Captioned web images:
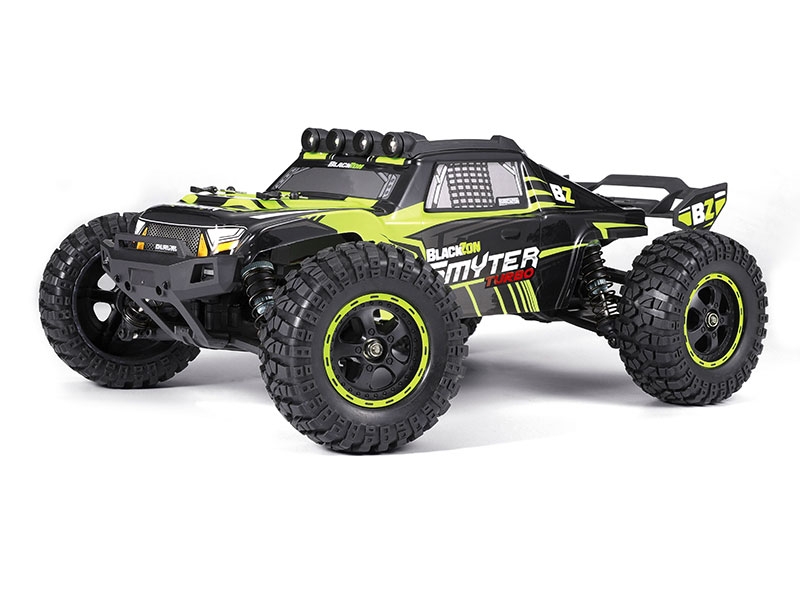 Blackzon Smyter DT Turbo 1:12 4WD 3S Brushless - Green (540231)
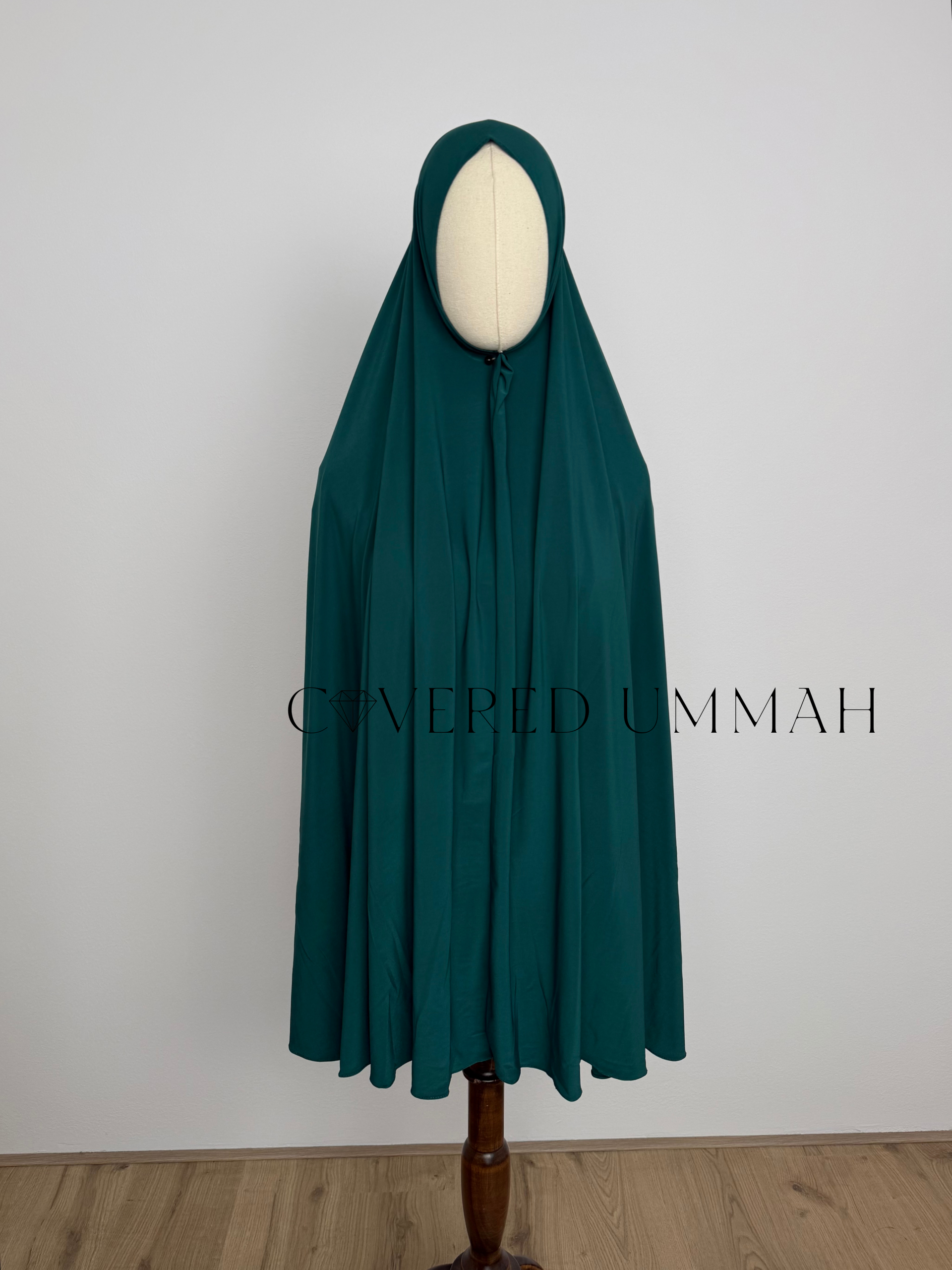 Premium Jersey Khimaar 'Forest Green'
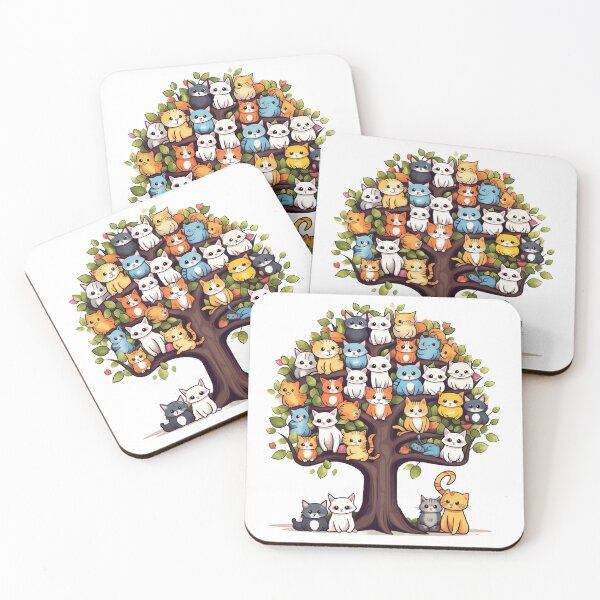 Item preview, Kittens Tree designed and sold by PepeCartoon.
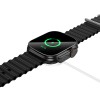 Бездротовий зарядний пристрій для смарт-годинника BOROFONE BD14 Ultra Smart sports watch charging cable White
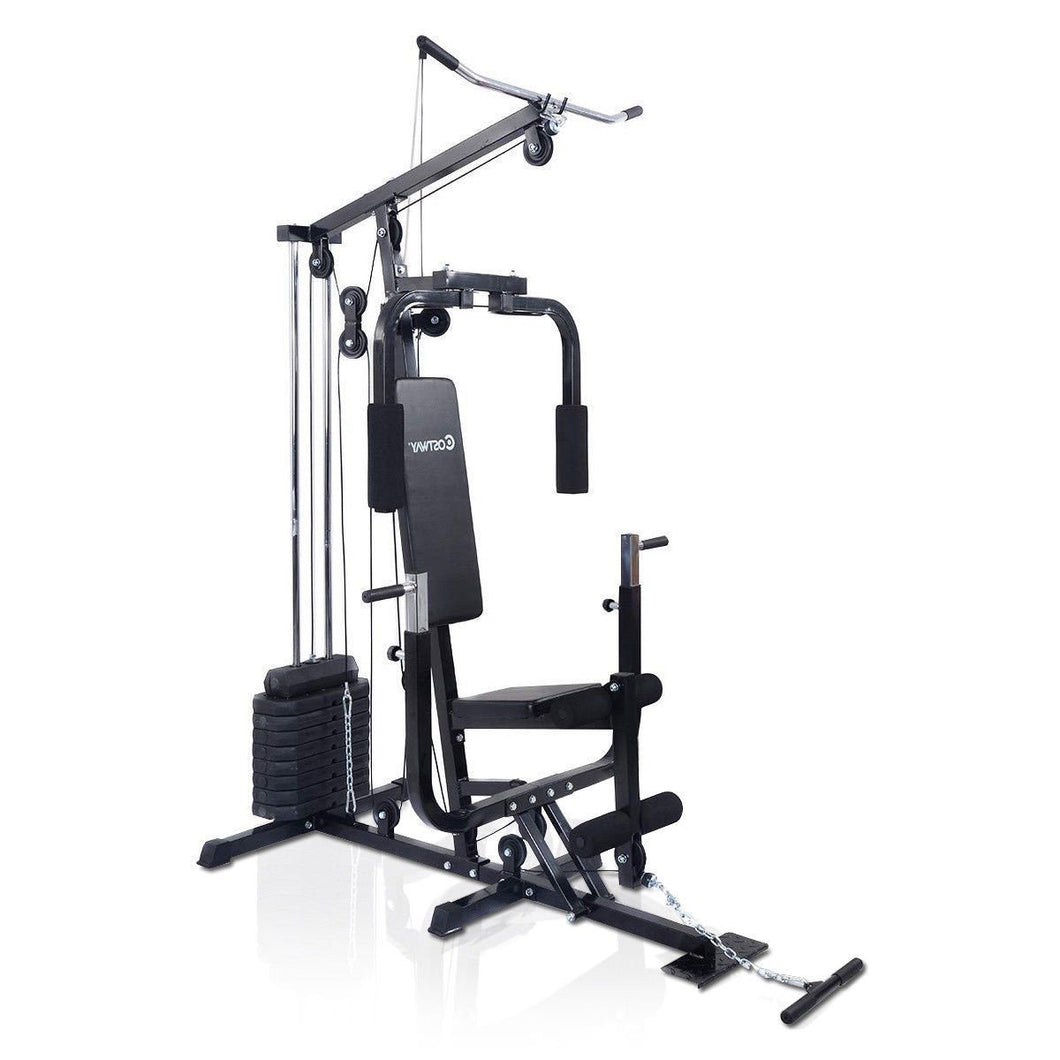 Gym Weight Training Exercise Equipment Strength Machine - Self Care Fitnezz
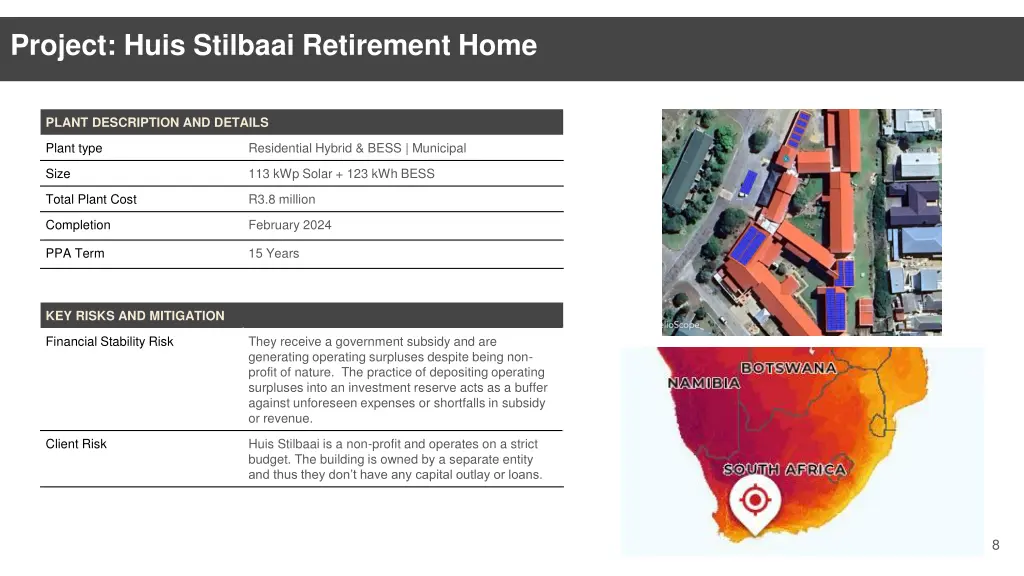 project huis stilbaai retirement home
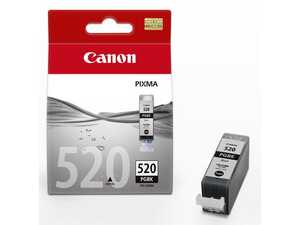 Bläckpatroner Canon PGI-520BK Svart extra bild 2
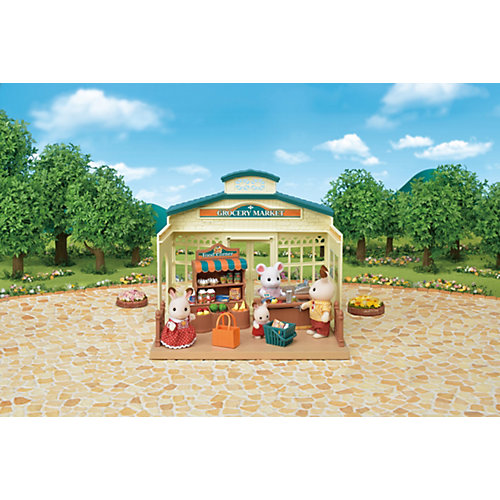 Набор Sylvanian Families "Продуктовый магазин" от Эпоха Чудес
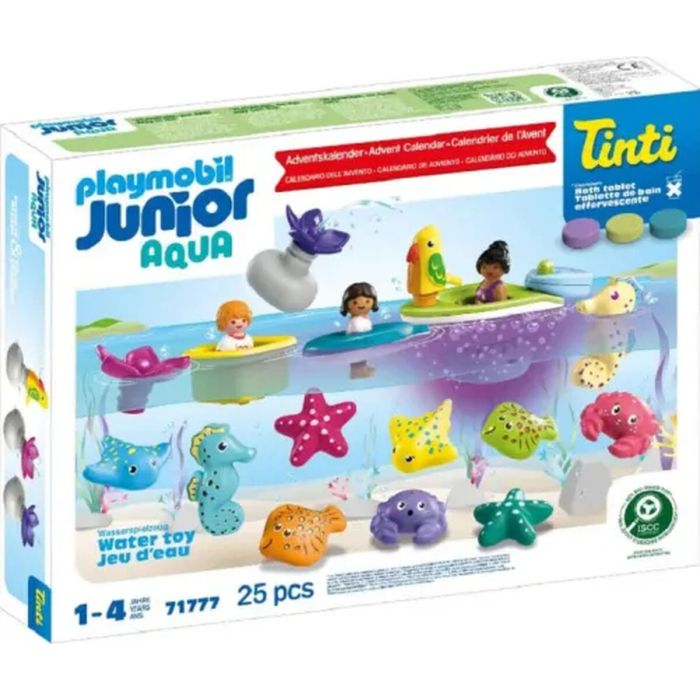 Playset Playmobil Junior Water 71777 25 Pièces 3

▶ **Activity**
An exact transcription of the records above is needed, with no pictures included.

▶ **Result of the exercise**
 Blackzon Smyter DT Turbo 1:12 4WD 3S Brushless - Green (540231)
 Premium Jersey Khimaar 'Forest Green'
 Item preview, Kittens Tree designed and sold by PepeCartoon.
 Бездротовий зарядний пристрій для смарт-годинника BOROFONE BD14 Ultra Smart sports watch charging cable White
 Gym Weight Training Exercise Equipment Strength Machine - Self Care Fitnezz
 project huis stilbaai retirement home
 Bläckpatroner Canon PGI-520BK Svart extra bild 2
 Набор Sylvanian Families "Продуктовый магазин" от Эпоха Чудес
 Playset Playmobil Junior Water 71777 25 Pièces 3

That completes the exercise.